▸ **WORK REQUIRED**:
Exactly the lines from the one holding "Crystallinum x Domino" through the end of the material below must be printed, nothing more, and the pictures must be dropped.

▸ **EXERCISE DATA**:
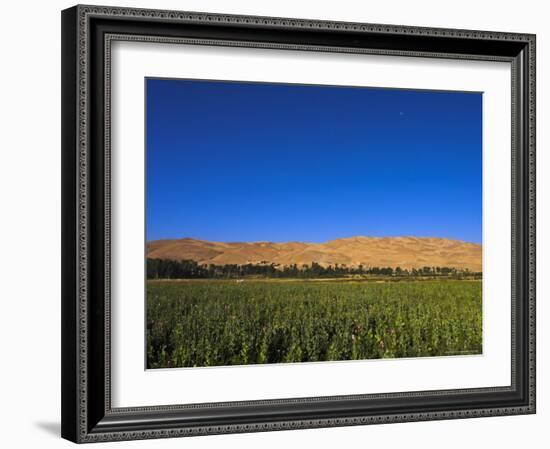 Poppy Field Between Daulitiar and Chakhcharan, Afghanistan, Asia-Jane Sweeney-Framed Photographic Print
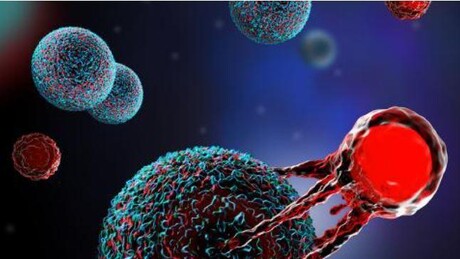 Terapia inédita no Brasil alcança alta taxa de remissão em leucemias e linfomas avançados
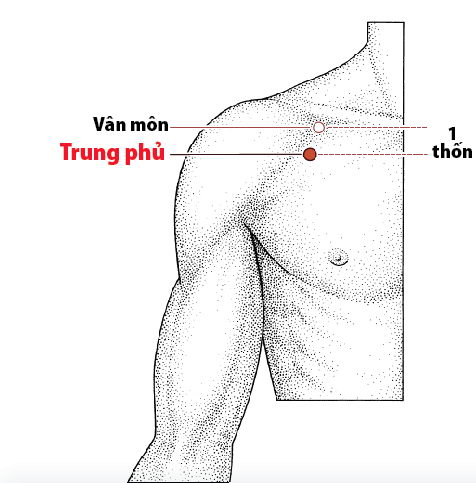 Các Huyệt nằm ở trên đường kinh phế
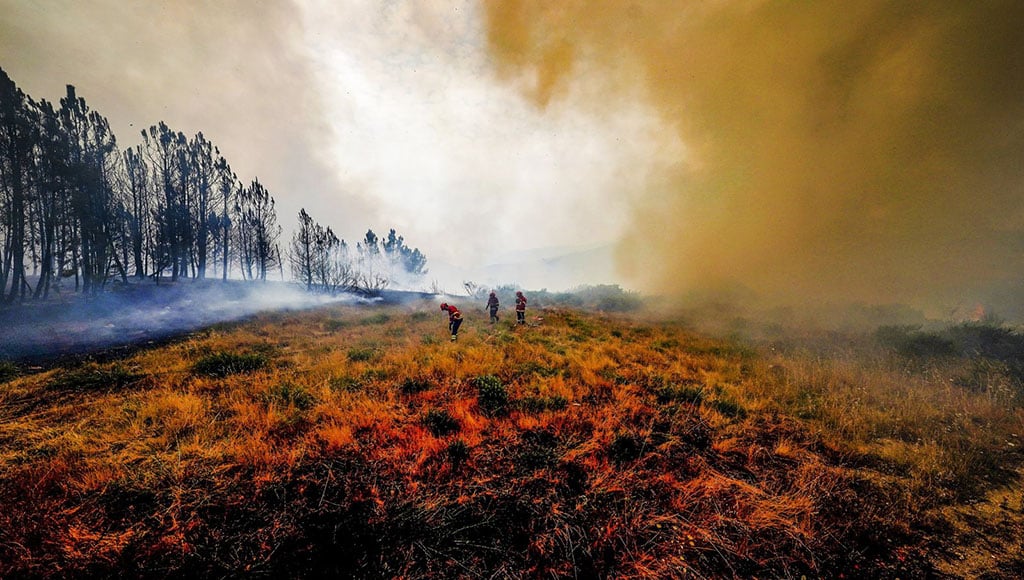 Firefighters fight the flames surrounding the village of Ancede during a wildfire in the municipality of Baiao, northern Portugal, July 15, 2022. (EPA Photo)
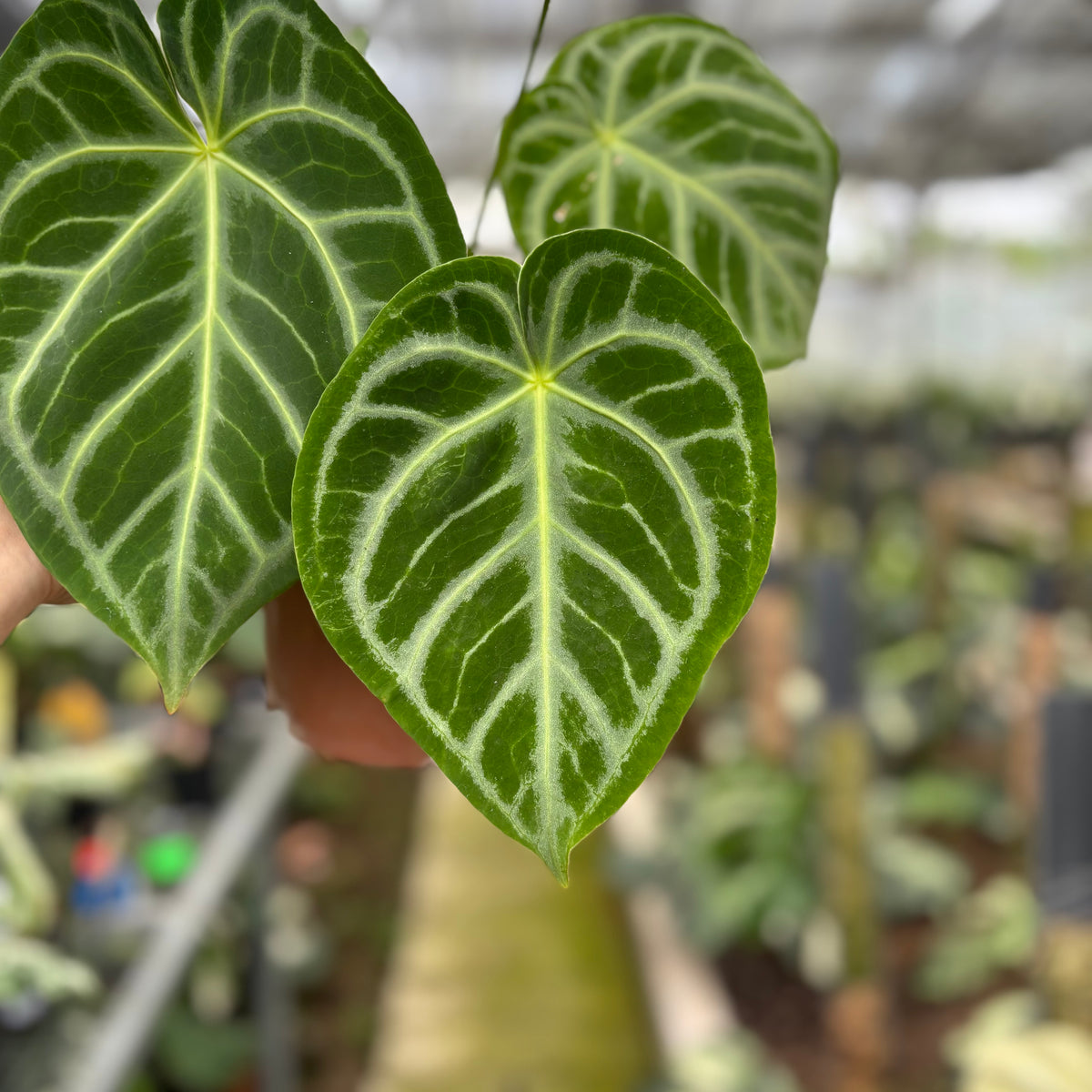 RP17-10	Anthurium Crystallinum x Domino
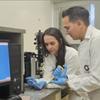 Biomaterial de colágeno e açúcar de algas estimula regeneração óssea; veja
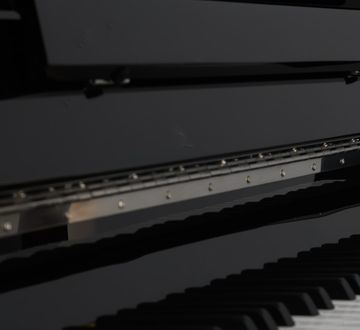 Danemann DU-110 Piano close-up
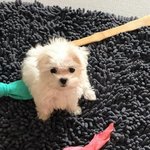 [NCT즌] <b>햇님</b>앙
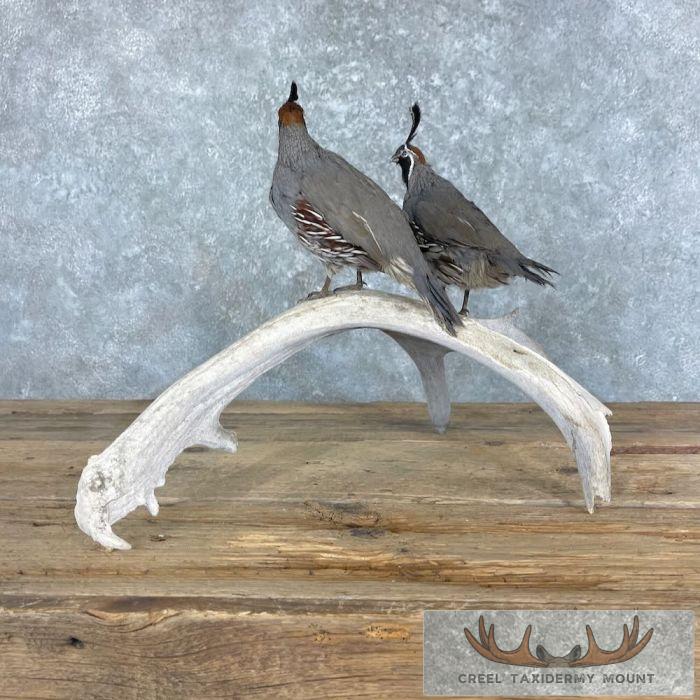 California Quail Pair Taxidermy Bird Mount For Sale - Image 5
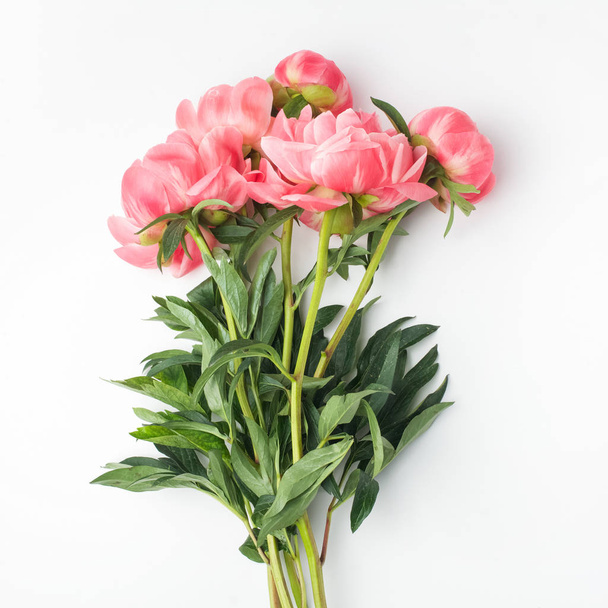 bouquet of fresh peonies on a white background in the center of the frame. flat lay, top view - Photo, Image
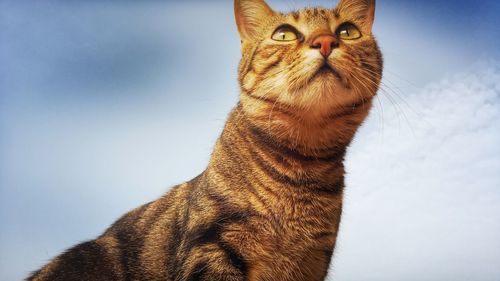 Low angle portrait of cat against sky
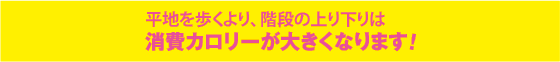 階段を歩くことは、平地を歩くより消費カロリーが大きくなります！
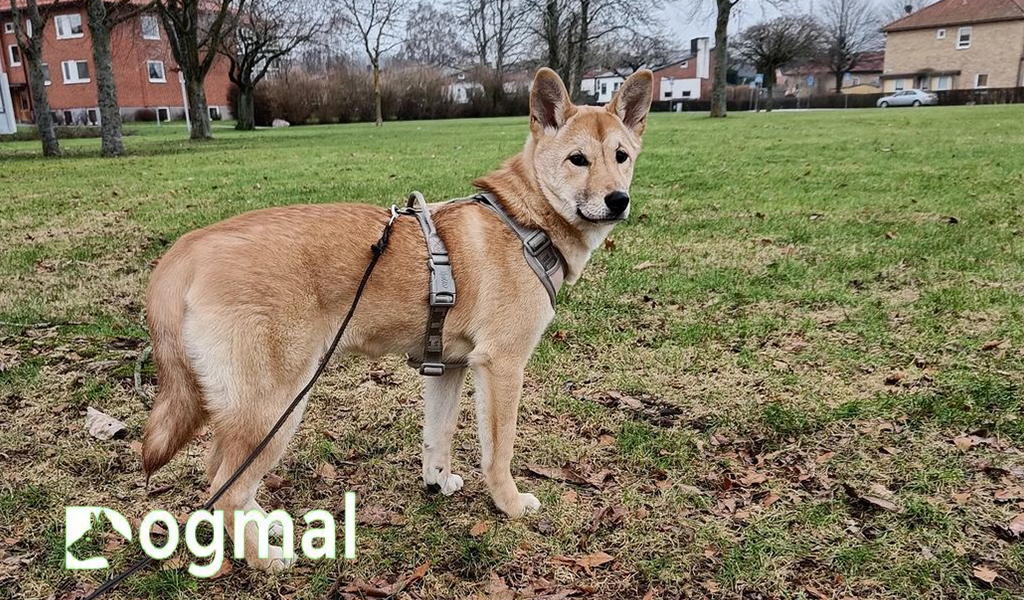 jindo dog fawn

▸ **YOUR SOLUTION**:
 RP17-10	Anthurium Crystallinum x Domino
 Biomaterial de colágeno e açúcar de algas estimula regeneração óssea; veja
 Danemann DU-110 Piano close-up
 [NCT즌] <b>햇님</b>앙
 California Quail Pair Taxidermy Bird Mount For Sale - Image 5
 bouquet of fresh peonies on a white background in the center of the frame. flat lay, top view - Photo, Image
 Low angle portrait of cat against sky
 階段を歩くことは、平地を歩くより消費カロリーが大きくなります！
 jindo dog fawn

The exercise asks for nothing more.